#### Work request
Copy down the listing below exactly. Do not include pictures.

#### Exercise data
----------

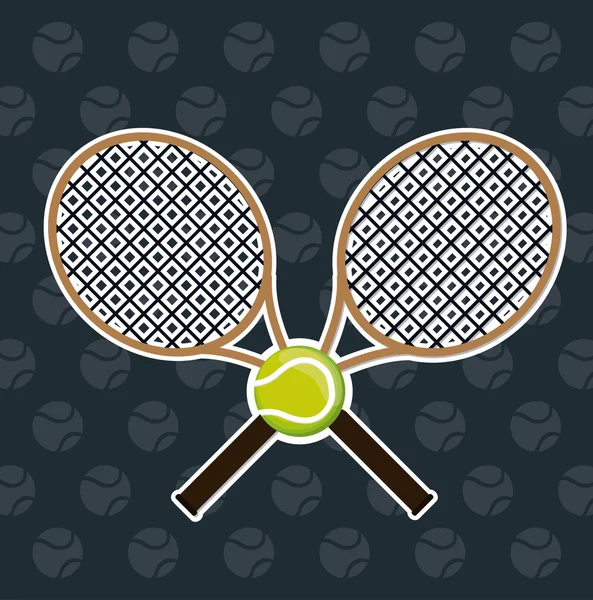 Tennis design sportif — Image vectorielle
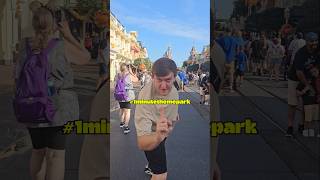 1 minute theme parks Disneys Magic kingdom Florida [upl. by Sabah]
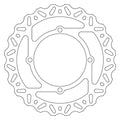 For Suzuki RMZ250 2004-2021 ProX 37.BD13307 Front Brake Disc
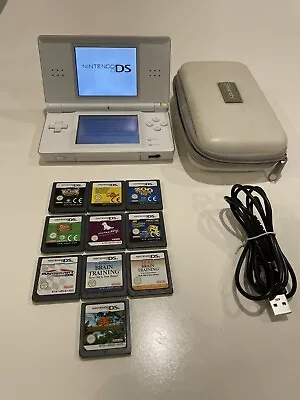 Nintendo DS Lite Console Games Charging Cable And Case Console Tested Working • $99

----------

#### Your response
 Tennis design sportif — Image vectorielle
 1 minute theme parks Disneys Magic kingdom Florida [upl. by Sabah]
 For Suzuki RMZ250 2004-2021 ProX 37.BD13307 Front Brake Disc
 Nintendo DS Lite Console Games Charging Cable And Case Console Tested Working • $99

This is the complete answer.